(DATASET RECORDS)
* * * * * * *
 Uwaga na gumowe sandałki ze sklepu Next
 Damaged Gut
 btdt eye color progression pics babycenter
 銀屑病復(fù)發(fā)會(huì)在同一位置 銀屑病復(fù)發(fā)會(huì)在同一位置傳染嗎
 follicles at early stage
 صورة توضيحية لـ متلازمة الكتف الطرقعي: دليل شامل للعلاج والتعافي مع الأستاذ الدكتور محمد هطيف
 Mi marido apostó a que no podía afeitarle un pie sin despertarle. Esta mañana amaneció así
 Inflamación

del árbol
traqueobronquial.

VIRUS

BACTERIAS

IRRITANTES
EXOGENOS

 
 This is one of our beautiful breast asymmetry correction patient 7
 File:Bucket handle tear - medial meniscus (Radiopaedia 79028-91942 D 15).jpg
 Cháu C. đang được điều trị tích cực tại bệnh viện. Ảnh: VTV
* * * * * * *
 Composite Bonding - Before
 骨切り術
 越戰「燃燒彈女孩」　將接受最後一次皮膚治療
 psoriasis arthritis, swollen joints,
* * * * * * *
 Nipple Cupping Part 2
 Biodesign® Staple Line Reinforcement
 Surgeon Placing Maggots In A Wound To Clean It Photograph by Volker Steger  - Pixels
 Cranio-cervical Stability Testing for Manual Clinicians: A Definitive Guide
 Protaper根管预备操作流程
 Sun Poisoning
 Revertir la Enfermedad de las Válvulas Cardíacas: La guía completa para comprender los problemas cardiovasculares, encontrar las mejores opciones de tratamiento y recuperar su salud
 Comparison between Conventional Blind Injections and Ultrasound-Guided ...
* * * * * * *
(EXERCISE AIM) From the data above, reproduce word for word the lines running from the line with "銀屑病復(fù)發(fā)會(huì)在同一位置 銀屑病" to the line with "Cháu C. đang", ends included.

(ANSWER BOX)
 銀屑病復(fù)發(fā)會(huì)在同一位置 銀屑病復(fù)發(fā)會(huì)在同一位置傳染嗎
 follicles at early stage
 صورة توضيحية لـ متلازمة الكتف الطرقعي: دليل شامل للعلاج والتعافي مع الأستاذ الدكتور محمد هطيف
 Mi marido apostó a que no podía afeitarle un pie sin despertarle. Esta mañana amaneció así
 Inflamación

del árbol
traqueobronquial.

VIRUS

BACTERIAS

IRRITANTES
EXOGENOS

 
 This is one of our beautiful breast asymmetry correction patient 7
 File:Bucket handle tear - medial meniscus (Radiopaedia 79028-91942 D 15).jpg
 Cháu C. đang được điều trị tích cực tại bệnh viện. Ảnh: VTV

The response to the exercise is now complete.